*** Block opens ***

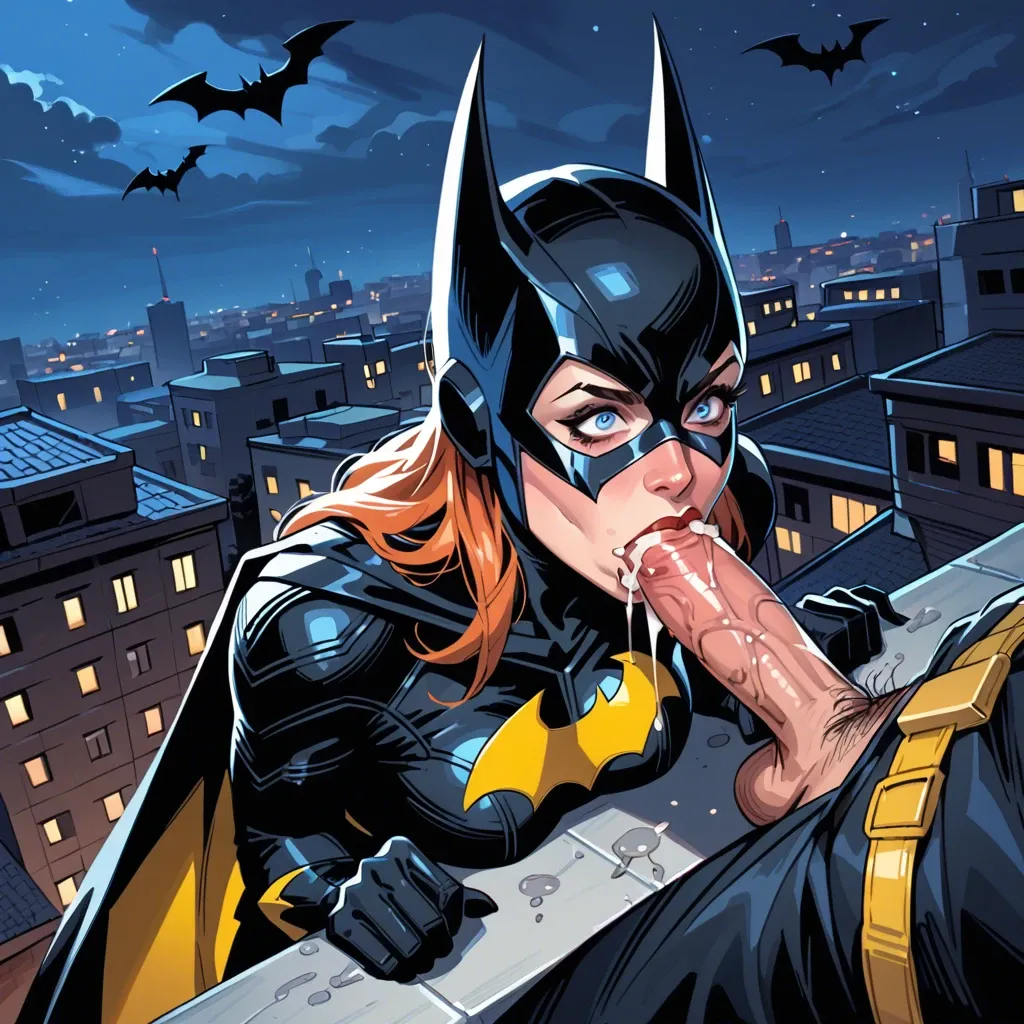 Batgirl, rooftop setting, night, excited, blowjob, cum in mouth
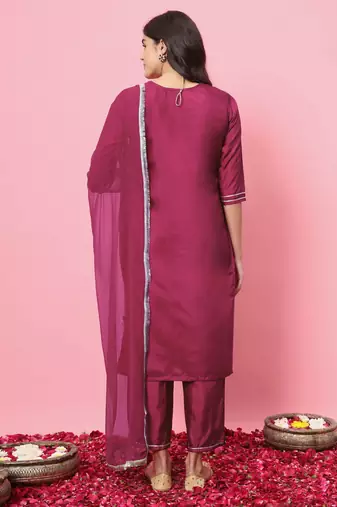  women kurta and trousers pant set silk blend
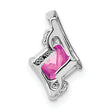 Sterling Silver Antique Cushion Cr. Pink Sapphire and Diamond Pendant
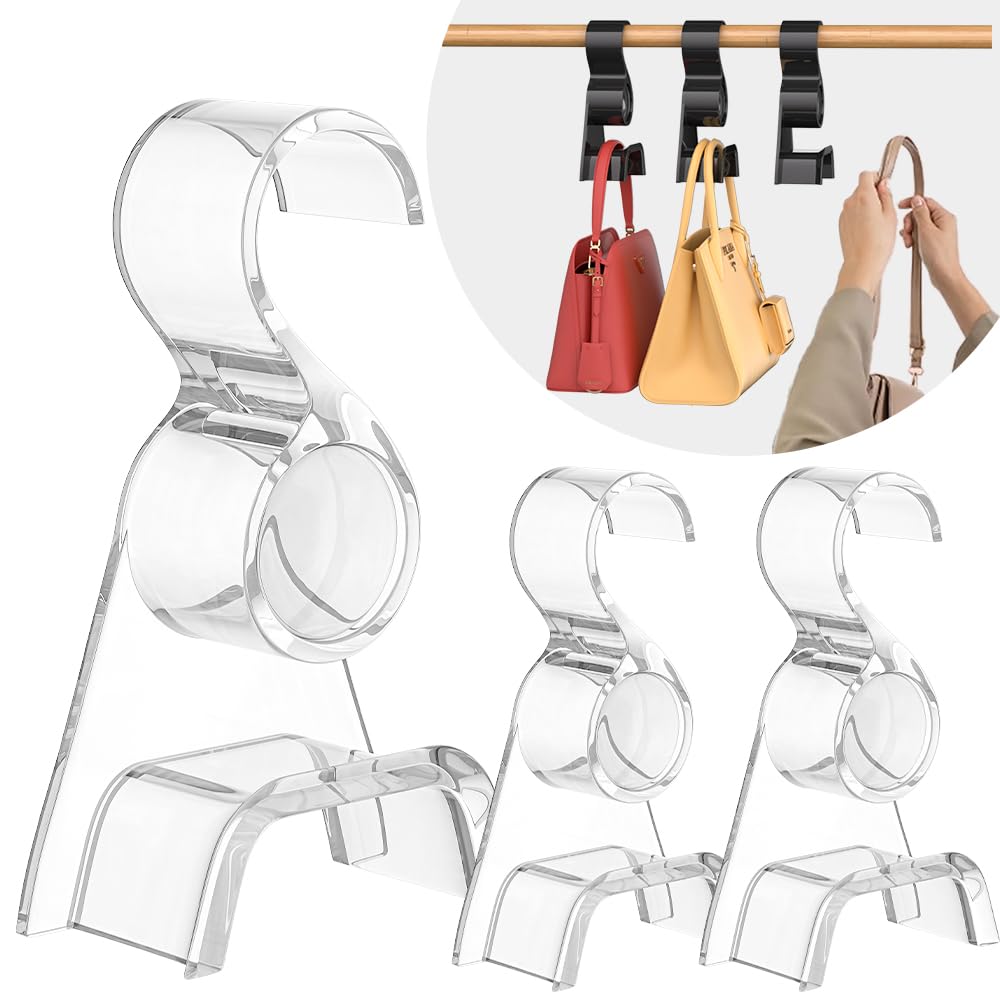 Photo 1 of Famitree Acrylic Purse Hanger for Closet 3 Pcs?New Luxury Bag Purse Hanger Closet, Handbag Organizer Hooks for Hanging Bags & Purses, Protecting Bag Shape & Organizing Space (Clear)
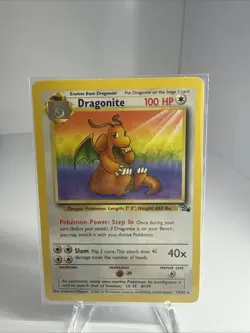 Pokemon TCG Dragonite 19/62 Fossil Non-Holo Rare Card Unlimited NM Condition - Image 1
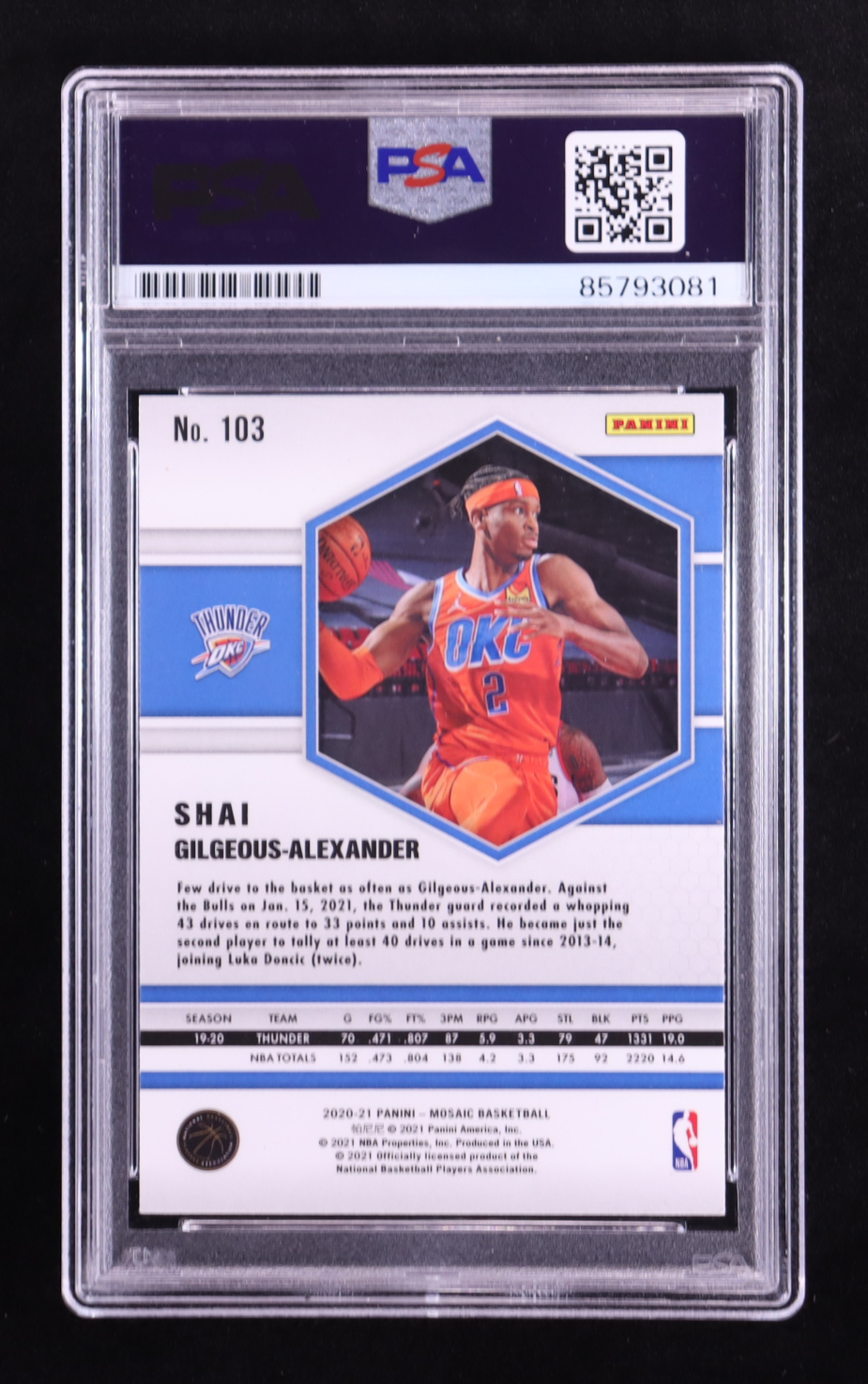 Shai Gilgeous-Alexander Signed 2020-21 Panini Mosaic #103 (PSA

*** Block closes ***

> _Work instructions_
Extract only the lines from the one that contains "Pokemon TCG Dragonite" through the end of the records, inclusive, and omit every picture.

> _Written solution_
 Pokemon TCG Dragonite 19/62 Fossil Non-Holo Rare Card Unlimited NM Condition - Image 1
 Shai Gilgeous-Alexander Signed 2020-21 Panini Mosaic #103 (PSA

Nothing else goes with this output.